The older ladies still made baskets, picked sweetgrass, worked with quills, dyed them and made all the Native crafts and traditional foods. They grew the native corn, and then we’d take it all off in the fall and put it in jars. And then she’d do a lot to prepare it for soups and meals.
—Susan Hoeg, Chippewas of
Georgina Island7
I know my late grandmother, she used to visit and travel to Georgina Island. And Christian Island, too, was mentioned. And Rama, of course, and Curve Lake.
—Pat LeSaux, Mississaugas of
Scugog Island8
In this context, the activities of the Grand General Council of Ontario and Haudenosaunee Grand Councils represented one stream of ongoing collective action. Oronhyatekha (Dr. Peter Martin) and Dr. Peter Edmund Jones represented another: Western-educated individuals and cultural brokers who engaged with mainstream Canada and its elites to educate, advocate, and advance Indigenous interests as they understood them. Neither were traditional leaders: Oronhyatekha spent much of his life off-reserve and was never elected Chief; Jones was of mixed heritage, grew up off-reserve in settler society, and only returned to serve New Credit as an adult. As they gained access to power and privilege, they were sometimes mistrusted by Indigenous peoples who lived most of their lives on reserve. Both had significant connections to Toronto and broke barriers that largely prevented Indigenous peoples from participating in all but the lowest rungs of settler society. They challenged racist stereotypes of what Indigenous people were capable of, creating new possibilities for Indigenous lives.
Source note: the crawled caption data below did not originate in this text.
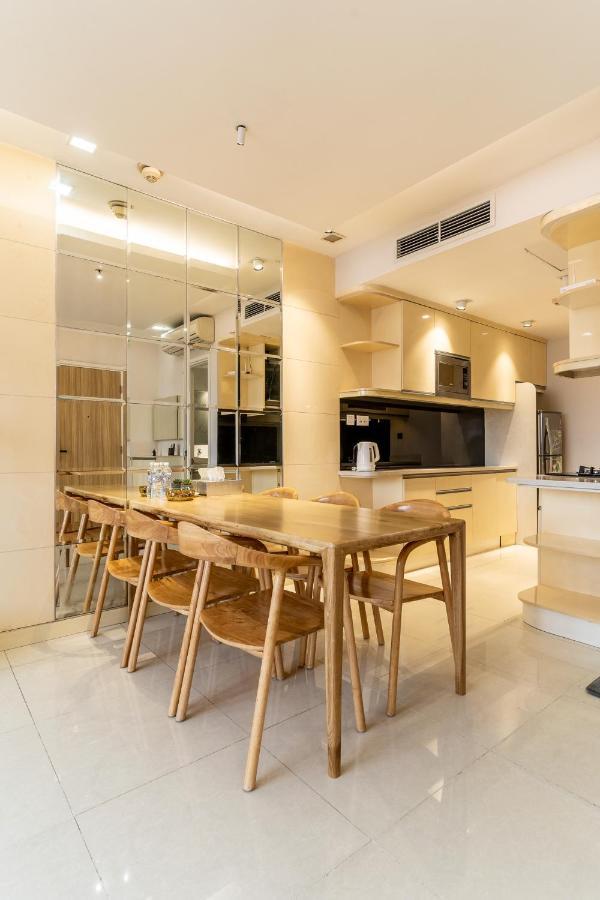 The Rixx Luxury Apartment Ho Či Minovo Město Exteriér fotografie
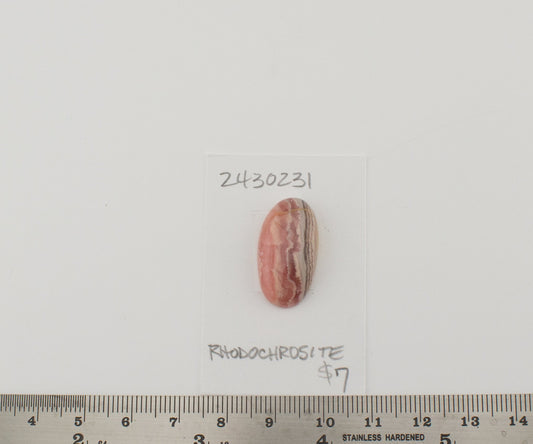 Rhodochrosite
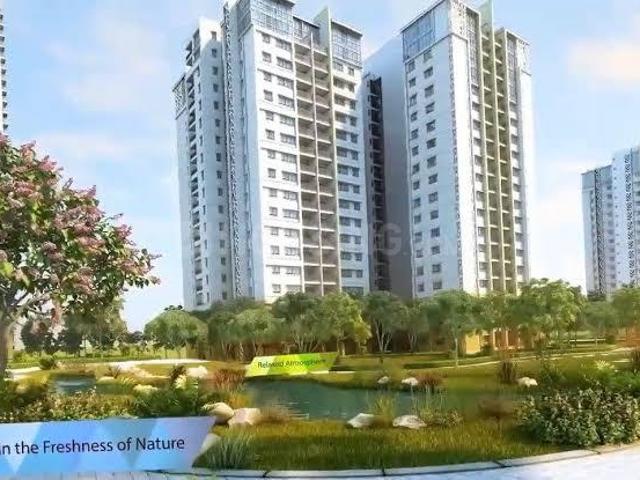 2.5 BHK Apartment in Jagajeevanram Nagar for resale Bengaluru. The reference number is 20948622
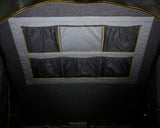 Overland Vehicle Systems - 18099901 Mamba 3 Roof Top Tent - Clam Shell Roof Top Tent - 18099901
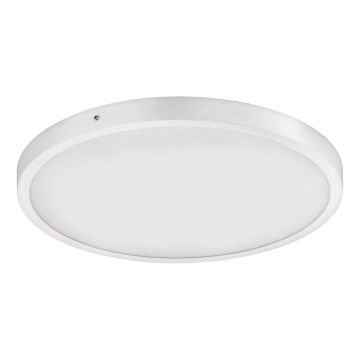 Eglo - LED mennyezeti lámpa 1xLED/25W/230V, fehér, kerek, 4000K, átm. 40 cm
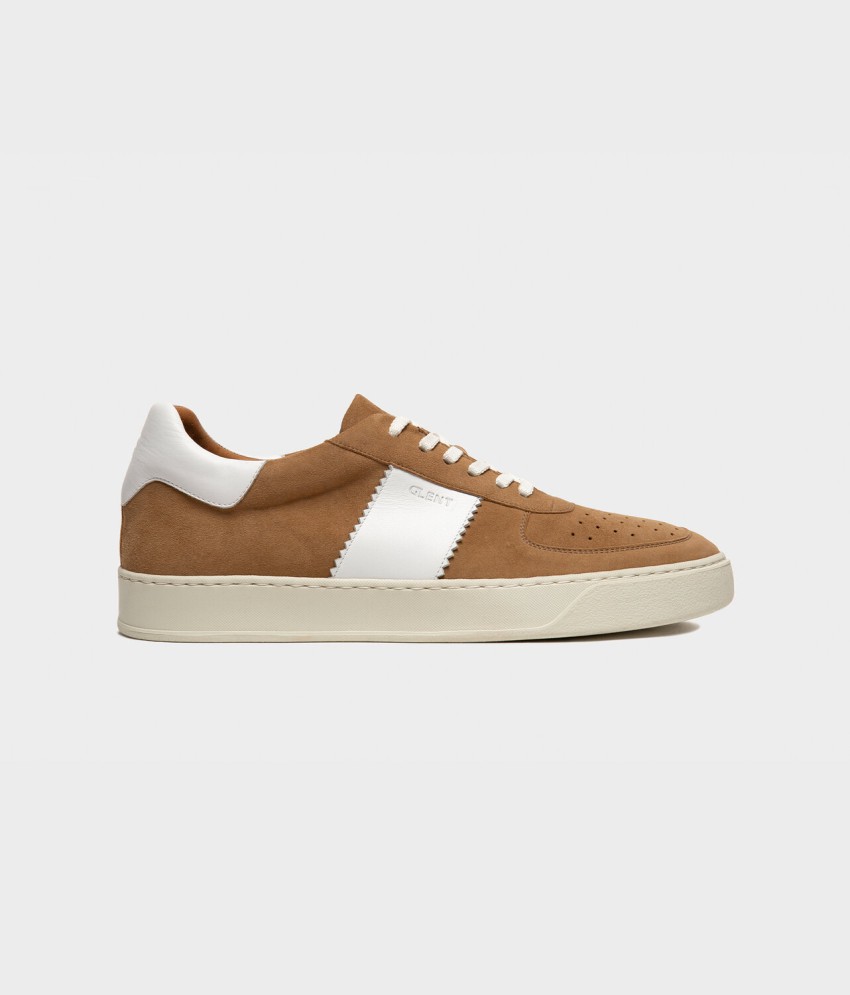 Deportivo cordones suela Vibram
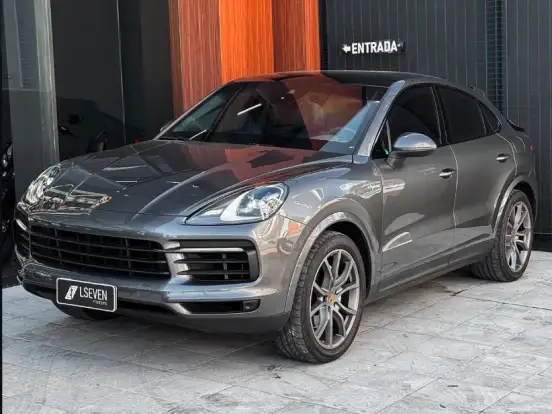 PORSCHE-CAYENNE-3.0 V6 GASOLINA COUPÉ AWD TIPTRONIC S PORSCHE-CAYENNE-2021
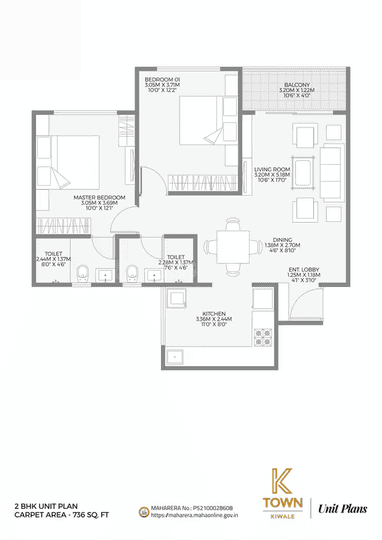 Tayal K Town Kiwale Main Image 1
Epidemic Diseases and the Myth of the “Vanishing Indian”
Peter Edmund Jones and Oronhyatekha began their public careers as the first and second Western-trained Indigenous medical doctors in Canada. In pursuing careers in medicine, they addressed one of the deepest traumas of colonization—the severe loss of life resulting from European epidemic diseases and the deterioration of Indigenous peoples’ physical and mental health. The two men countered the prevalent belief that Indigenous people could not adapt to modernity and were doomed to sicken and die out.
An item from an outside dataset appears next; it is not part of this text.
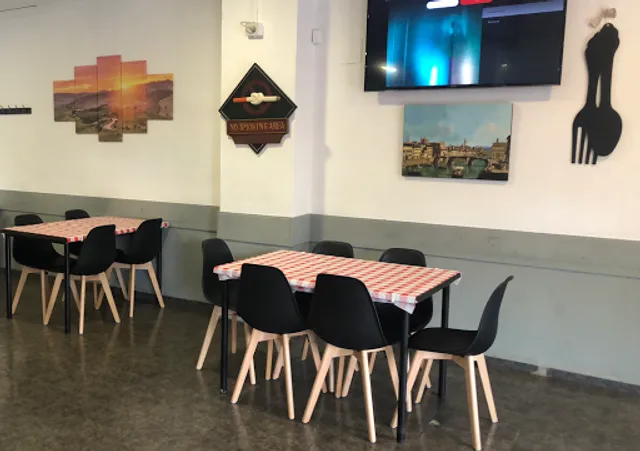 La Toscana pizzería Vall d'Uixó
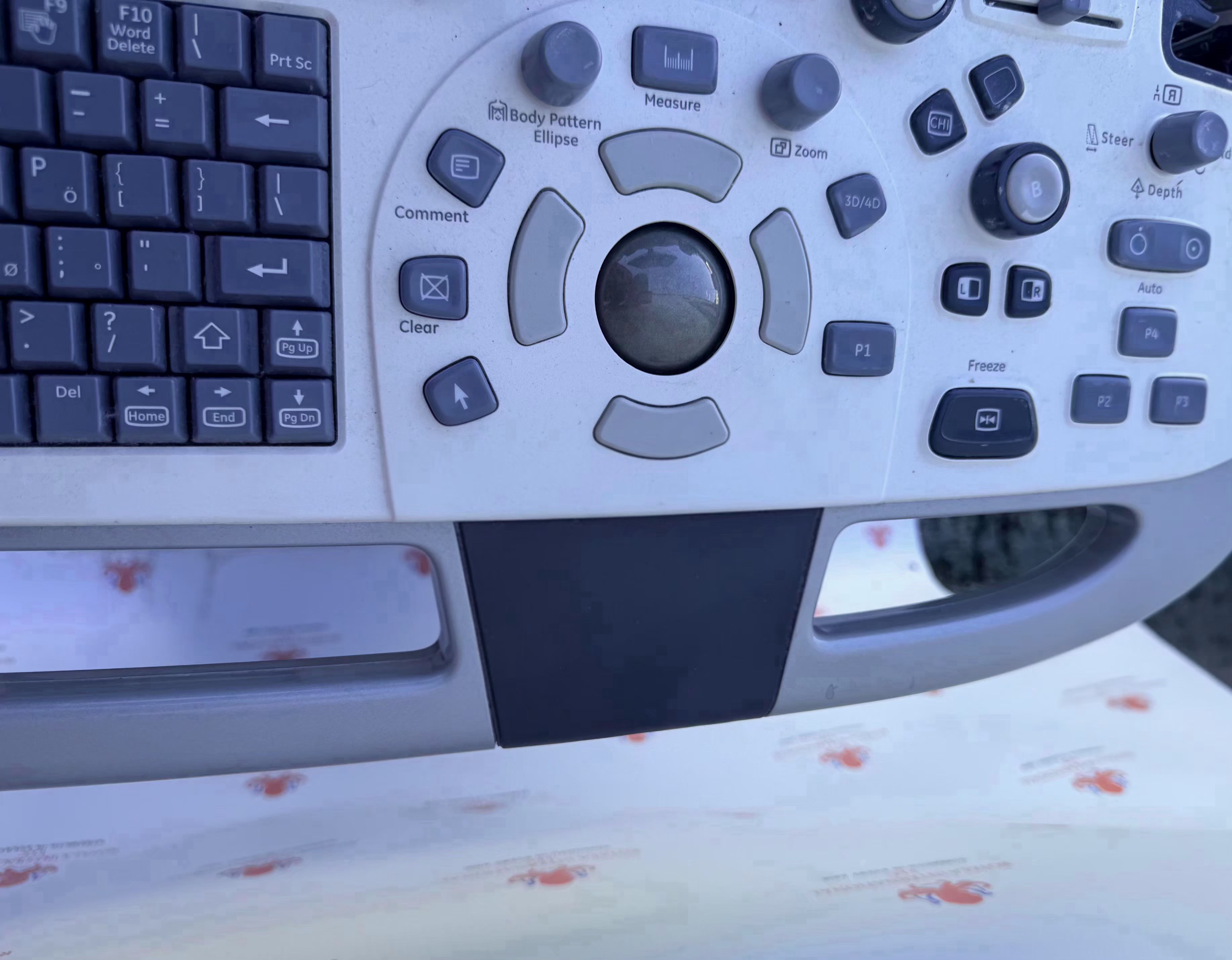 GE Logiq E9 Ultrasound System — Ultrasound Machines — view 4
Because Indigenous peoples had no immunity to European diseases or experience treating them, all members of a group became infected at once, with catastrophic results. In the post-contact period, wave after wave of epidemics swept through Indigenous communities, leaving weakened survivors of one disease more vulnerable to the next and everyday life severely disrupted. Data is scarce, but scholars’ estimates of the death rate for all of North America vary from 25 per cent to upwards of 90 per cent.9 In the 1790s, epidemics killed over one-third of the Mississaugas of the Credit, greatly weakening the community and reducing their numbers from 500 in the 1780s to 350 in 1798.10 Smallpox killed many north of Toronto as well, as Lieutenant-Governor Simcoe discovered on his trip up the Humber in 1793.11
In the 1830s and 1840s, many at the Credit Village felt the health impacts of taking on the new settler lifestyle. In 1834, the village was struck by ague, or malarial fever, from mosquitoes in marshlands in the Credit River Valley. Widespread land clearing and disturbance had extended the northern range of malaria-carrying Anopheles mosquitoes to North America.12 The move from semi-nomadic life in wigwams to crowded cabins in permanent villages also spread tuberculosis.
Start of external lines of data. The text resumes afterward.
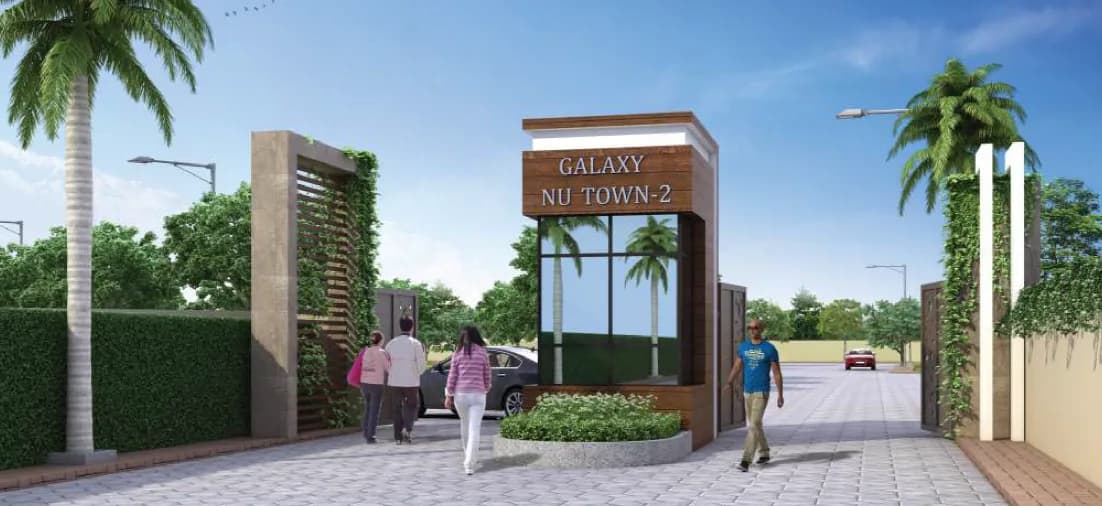 Galaxy Nu Town, Naya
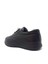 Deri Siyah Renk Bagcıklı Ortopedik Taban Kadın (Anne) Ayakkabı 4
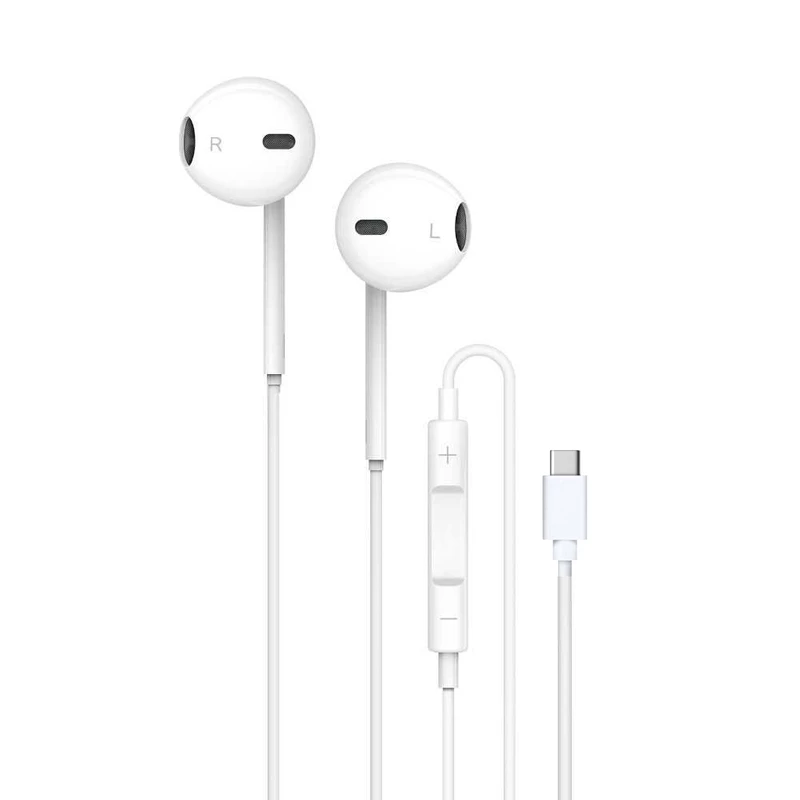 هندزفری گرین مدل Stereo type-C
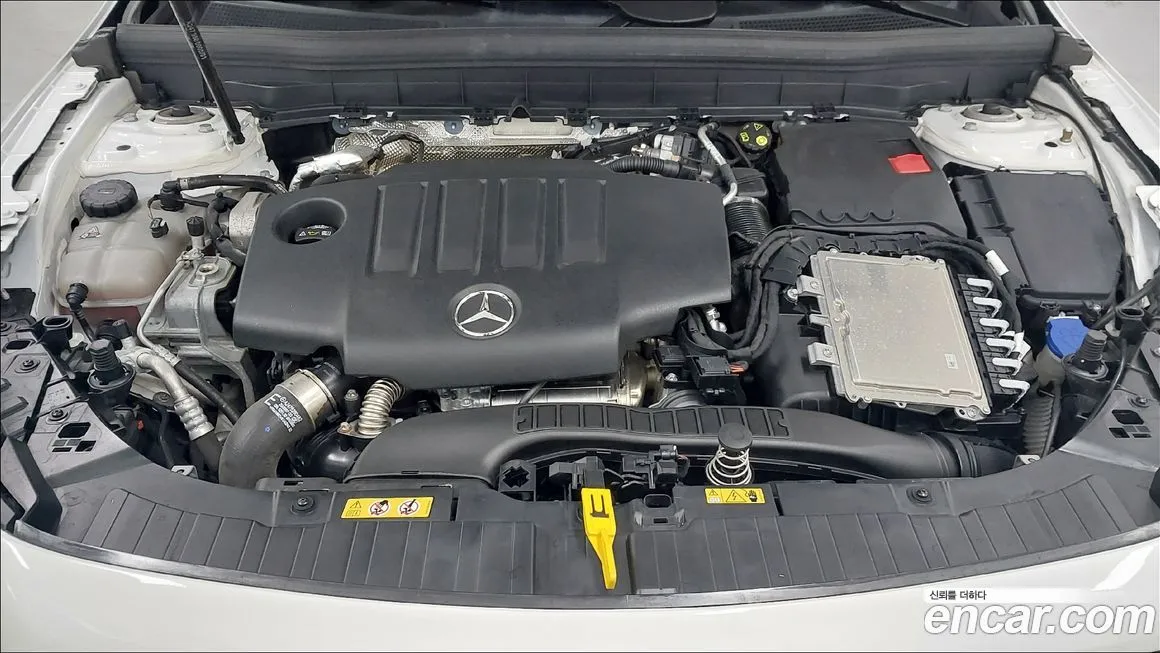 Mercedes-Benz GLB-Class 2023 из KR, фото 6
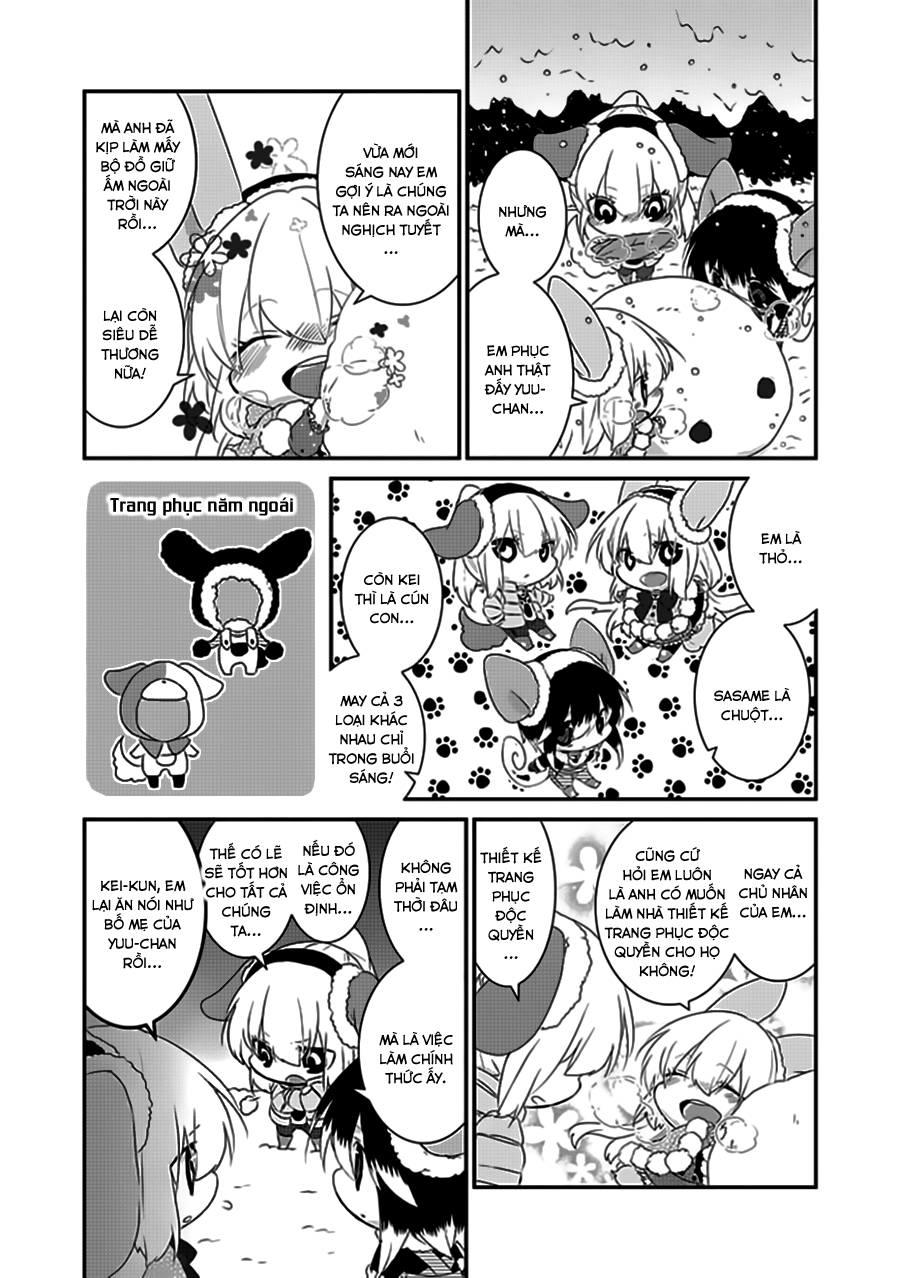 Nukoduke Chapter 27 - Trang 2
Peter Jones noted that child and infant mortality was very high: “It is painful for me to relate, that of all the children that have been born among those tribes with which I am acquainted, more than one half die before even reaching the period of youth.”13 He recorded the loss of many Indigenous youth and young adults: Joseph Quinepeno, grandson of Chief Quinepenon, in 1828, at the age of age twelve; Sahgahgewgahbahweh (John Summerfield), who studied at the Cazenovia Seminary in New York State and published his Sketch of Grammar of the Chippeway Language (1824) at the age of twenty and died at the Credit of tuberculosis in 1836; and William Wilson, “an Indian pupil of superior abilities,” who attended Upper Canada College and the Methodist Upper Canadian College at Cobourg where he studied the classics, wrote poetry, and headed his class but contracted smallpox and died around 1838.14
The scale of loss in the first decades at the Credit Village was immense. Bunch and Polly Sunego lost all but three of many children to disease, and one of the survivors subsequently drowned in the millrace at the Credit River. Only Nahnebahwequay (Catherine Sutton) and her sister Mary lived to adulthood. The lives of the first wife of Peter Jones’ brother John and her five children were cut short. In the mid-1830s, David Sawyer lost seven relatives: his mother, her two sisters, his mother-in-law, his brother, his only sister, and his only child. In one year in the 1840s, the community lost twenty people or roughly 10 per cent of the entire band, mostly from measles.15 In 1847, on the same day, Peter Jones lost his Mohawk half-brother, Joseph Oneida Jones, to smallpox and Joseph’s Mississauga wife, Catherine Jackson Jones, to tuberculosis. Peter Jones’ brother John died later that year.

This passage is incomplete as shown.